When I got it, I became more enthused to review this book since the back said it had a lot to do with magic and action in a pivotal period of Japan.

From the back cover:

In twelfth century Japan, Seiko Fujiwara, a young woman believed to be a sorceress, is caught in a deadly conflict between the Heike and the Genji, two clans battling for control of the throne. The peaceful Heian period is giving way to the rise of the Samurai; Japan trembles on the edge of a time of darkness.

Seiko’s mother, priestess of Inari, the deity of abundance and sorcery, predicts that if Lord Kiyomori’s daughter Tokushi, Seiko’s closest friend, becomes Empress and gives birth to the next Emperor, their world will be saved.

If he lives…

It is Seiko’s responsibility to make sure the prophecy comes true.

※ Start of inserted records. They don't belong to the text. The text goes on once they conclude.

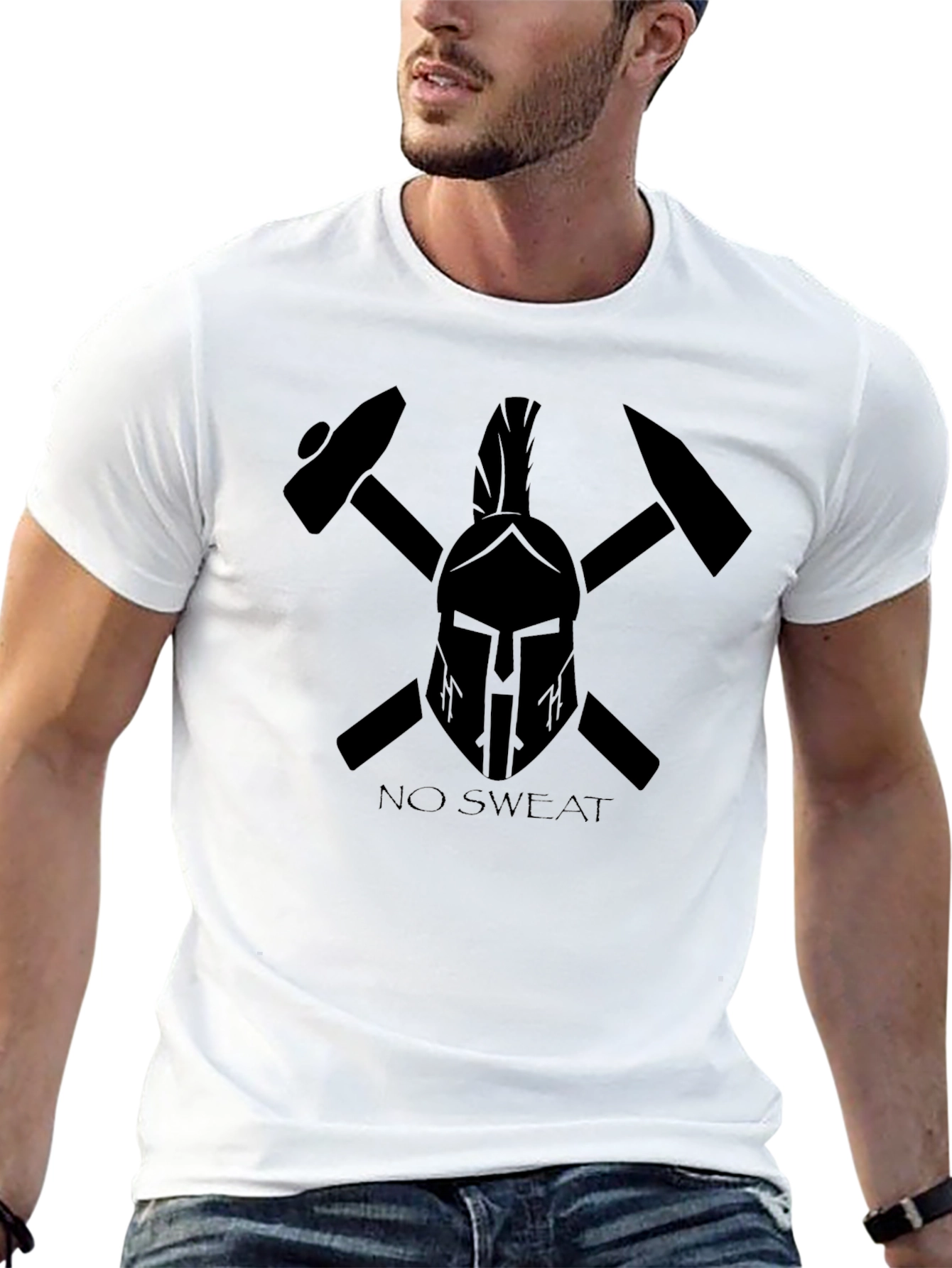 No Sweat Spartan Helmet Graphic T-Shirt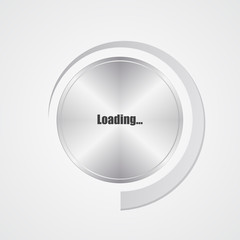 special metallic volume button with chrome texture, vector design, eps10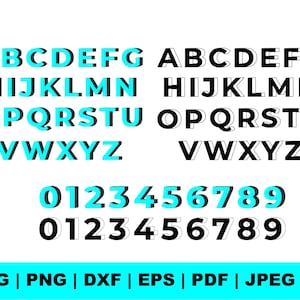 May include: A font alphabet with uppercase letters and numbers in a 3D style. The letters and numbers are outlined in black and filled with a bright blue colour. The letters are arranged in two rows, with the numbers below. The text "SVG | PNG | DXF | EPS | PDF | JPEG | AI" is at the bottom of the image.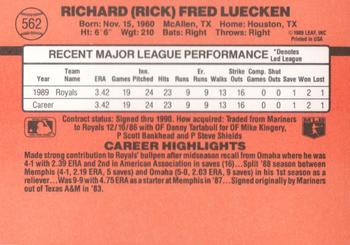 1990 Donruss #562 Rick Luecken Back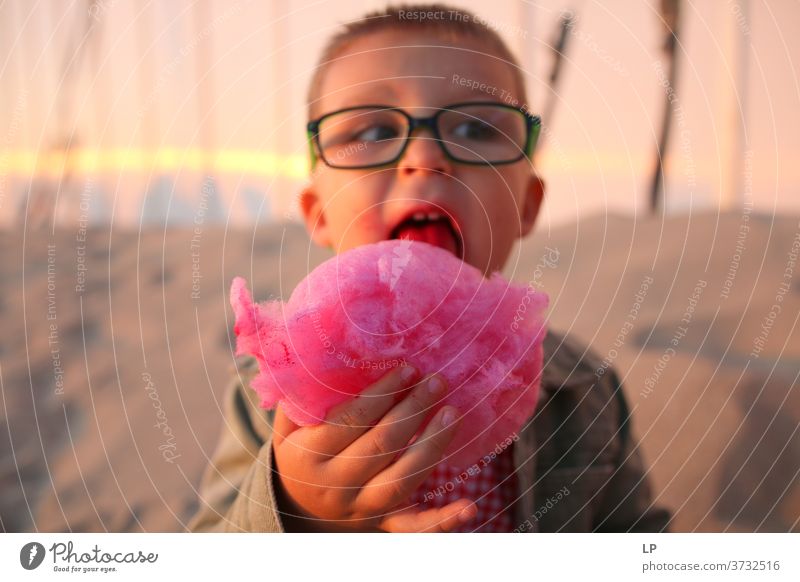 Junge isst rosa Zuckerwatte Blick Vorderansicht Oberkörper Porträt Sonnenlicht Außenaufnahme mehrfarbig unschuldig Unlust Überleben Perspektive Neugier
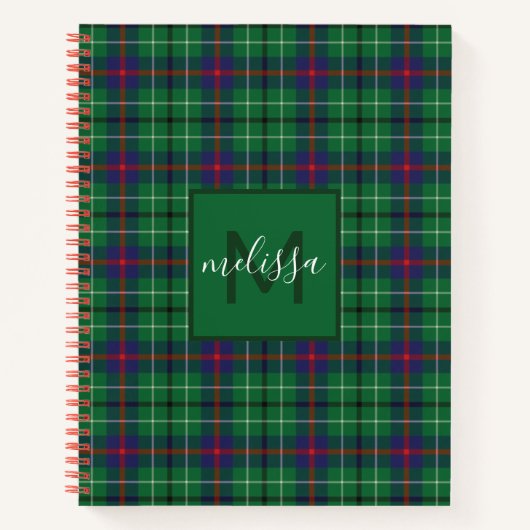 Aangepaste Clan Duncan Pset Tartan Monogram Notitieboek (Voorkant)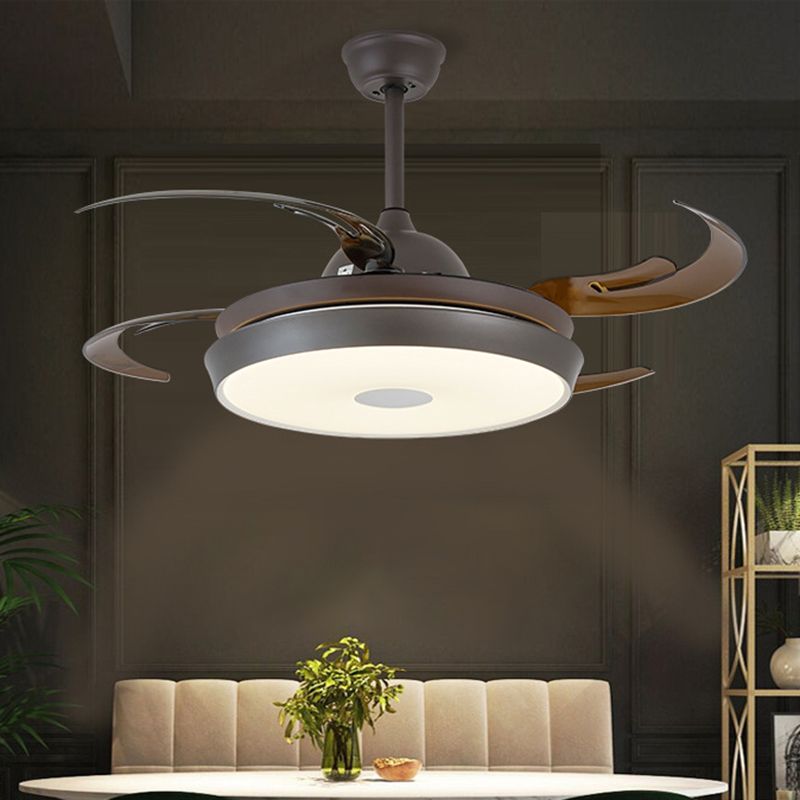 48" Wide LED Round Pendant Fan Lamp Traditional Brown Finish Metallic 4 Blades Semi Flush Light with Acrylic Shade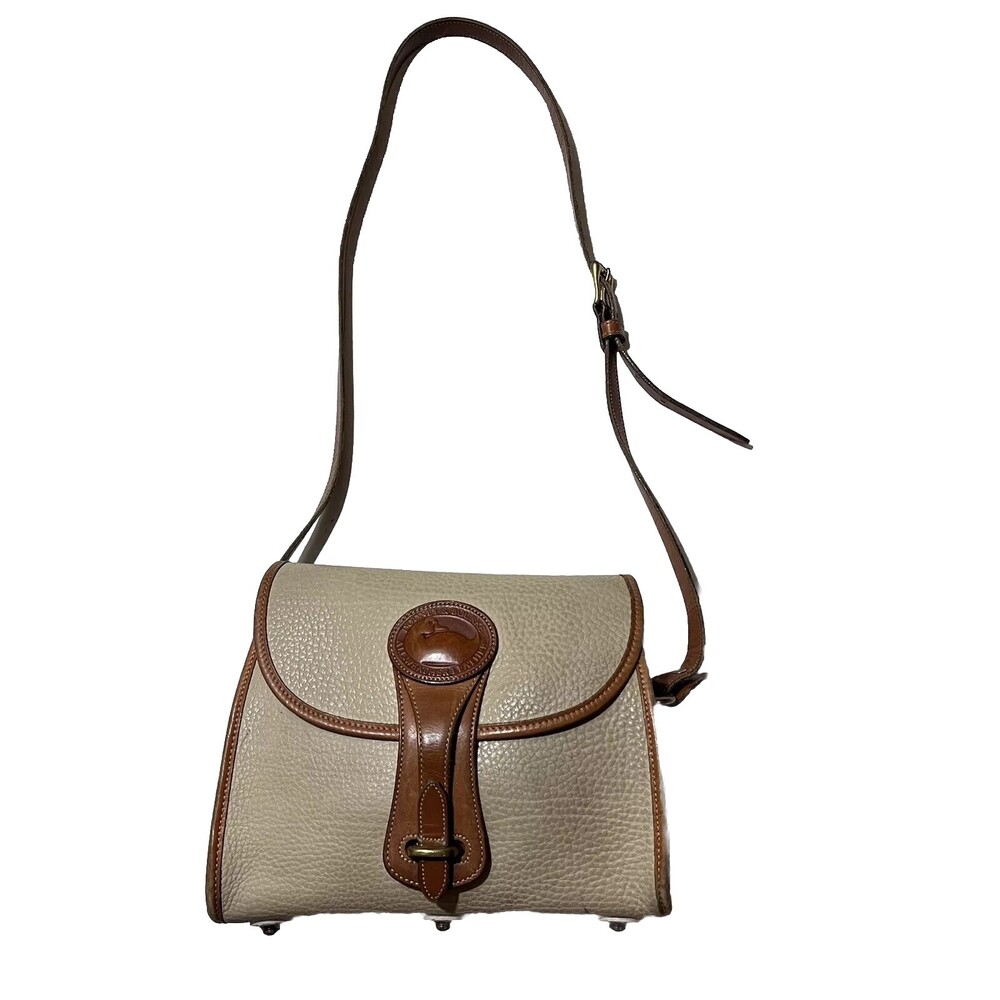 Vintage Dooney & Bourke Purse R25 Medium Essex Bone British Tan Leather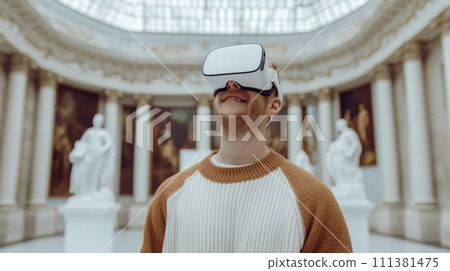 AI-generated content. Art enthusiast exploring a virtual museum with VR headset, admiring digital reproductions of famous artworks 111381475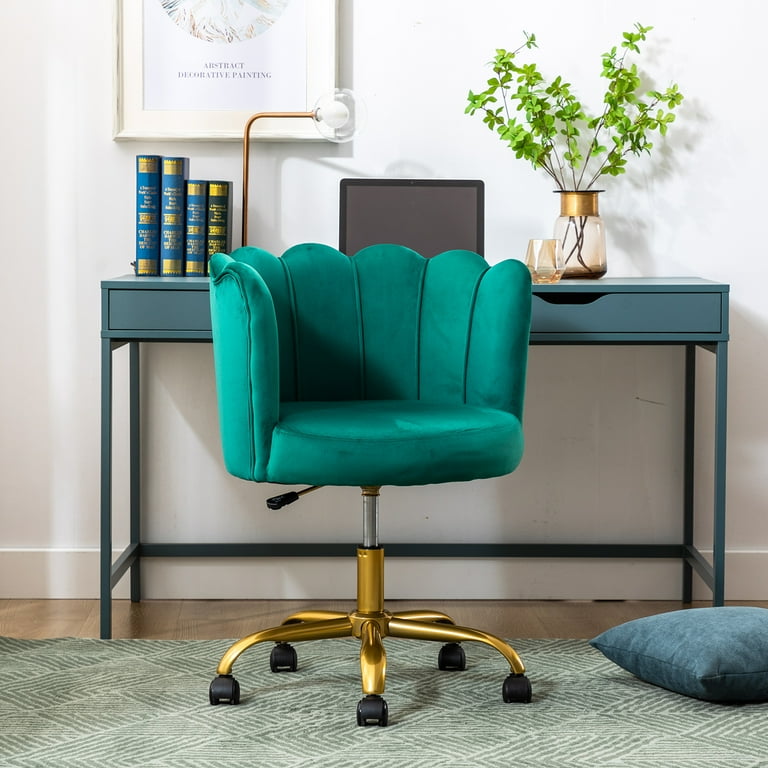Upholstered Swivel Makeup Chair Office Task Chair, Comfortable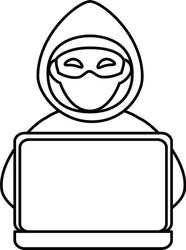 hacker with computer avatar character vector image
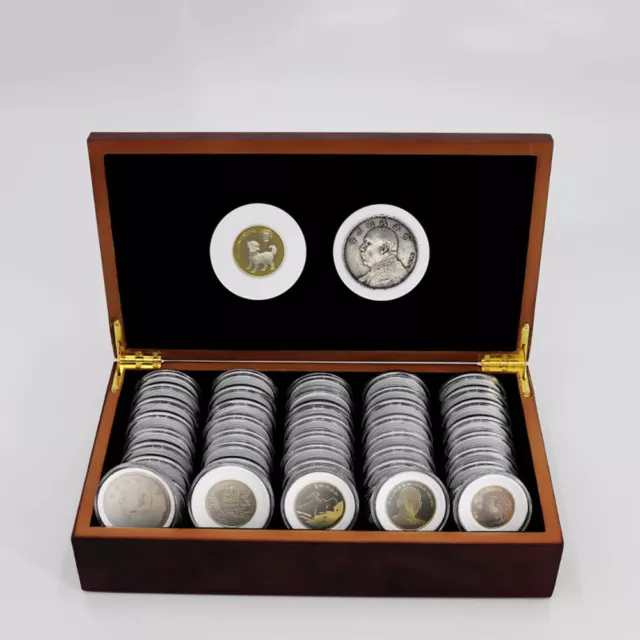 50Pcs 46MM Coins Capsules w/Wooden Storage Box Cushion Container Collection UK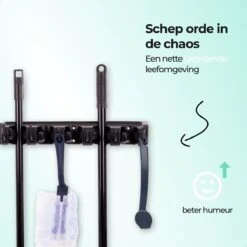 CLEANLY® Bezemhouder - Ophangsysteem Voor Tuingereedschap - Bezem Ophangsysteem - Gereedschapshouder Met Ophanghaken - ABS -Tuingereedschap Winkel 1200x1200 595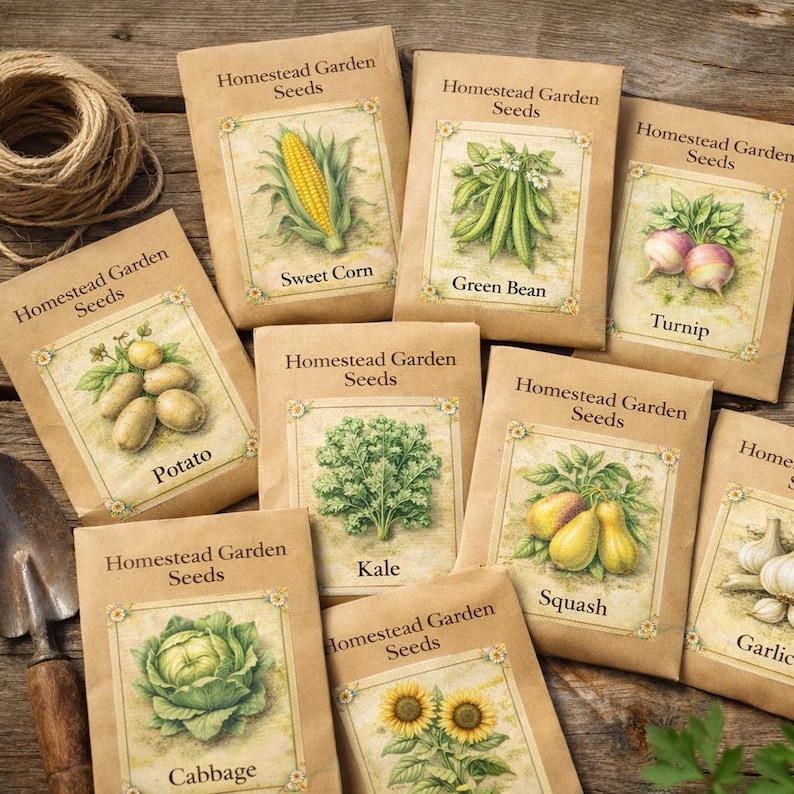 Seed Collection Project Label Printable Seed Packet Labels, Vintage Homestead Garden Seeds, Seed ...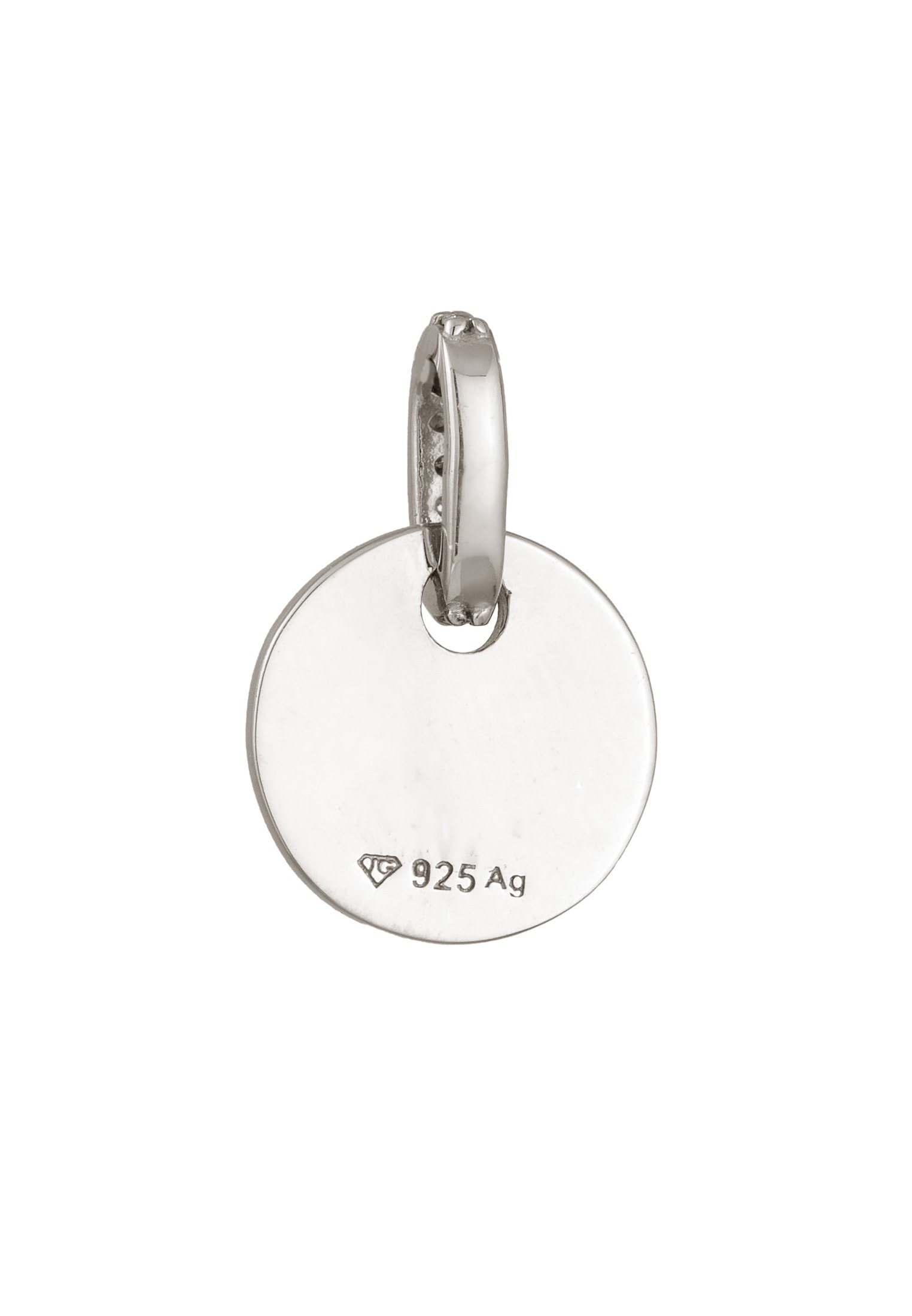 Elli Medallionanhänger »Anhänger Plättchen mit Stein Zirkonia Weiß 925 Sterling Silber«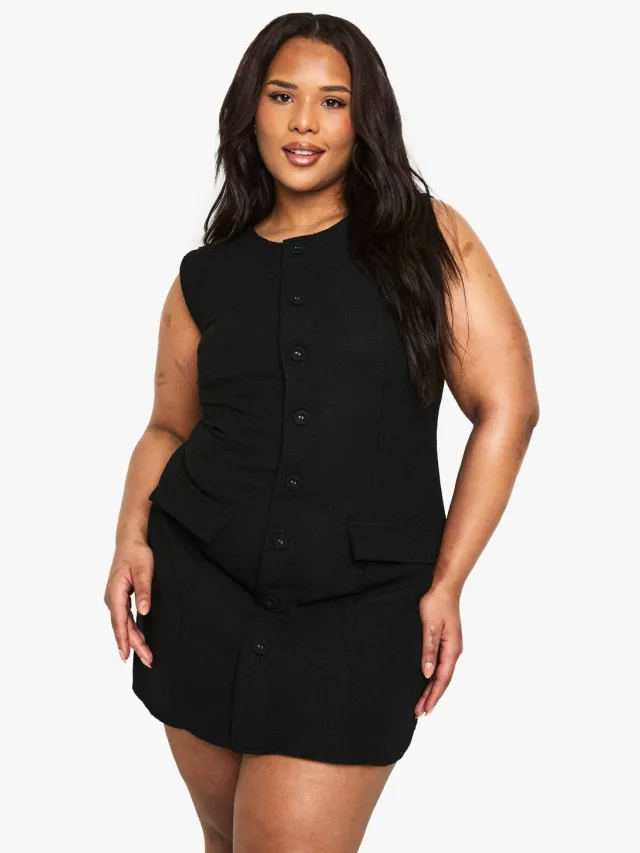 boohoo Dames plus boucle button front tailored mini dress Zwart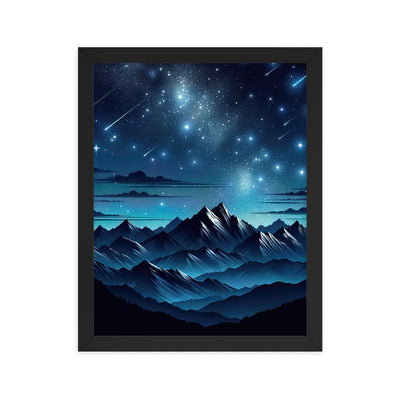 Alpen unter Sternenhimmel mit glitzernden Sternen und Meteoren - Premium Poster mit Rahmen berge xxx yyy zzz 27.9 x 35.6 cm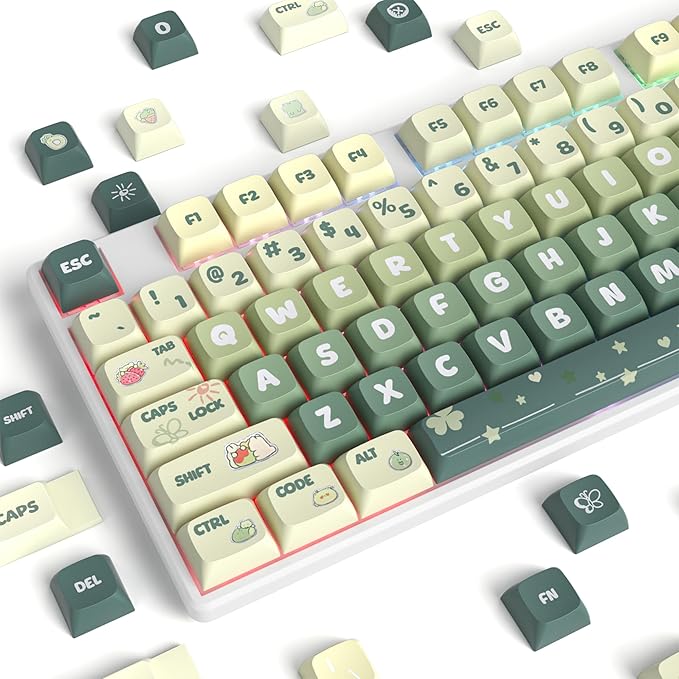 Guffercty kred 133 Keys XDA Profile Green keycaps 75 Percent Cute PBT Keyboard Caps with ISO Keys for 60% 65% 75% 96% Mechanical Keyboard (Light Green)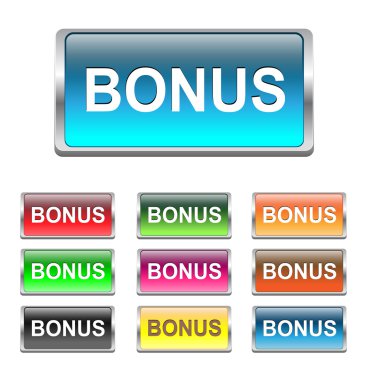 Bonus buttons, icons set, vector clipart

Journey with Seiko as she navigates through a world of assassins, palace intrigue, warfare and enchantments, struggling to honor her giri, her sacred destiny, while longing for the fulfillment of love.

I read the promotional materials that came with this book, and it sold another such tale, a tale of magic and action, intrigue and politics, weaving a tapestry of a girl caught up in an adventure that would make Samwise Gamgee nervous and longing for his garden.

When I started reading this book, I was in for a crushing disappointment.

Don’t misunderstand me or the fine authors who have contributed to the cover reviews and praise, The Fox Sorceress is lavishly written and well researched. It is simply that the book is actually about things other than it is advertised as.

For being a book of sorcery and political intrigue, there is very little of any of those elements in it. Mostly it is about Seiko’s “Golden Gulley”, to be crude, her vagina. Sex is the predominant element in this book. Seiko has sex with everything, if it moves, she is screwing it, fucking it, being fucked by it or teaching it how to fuck her.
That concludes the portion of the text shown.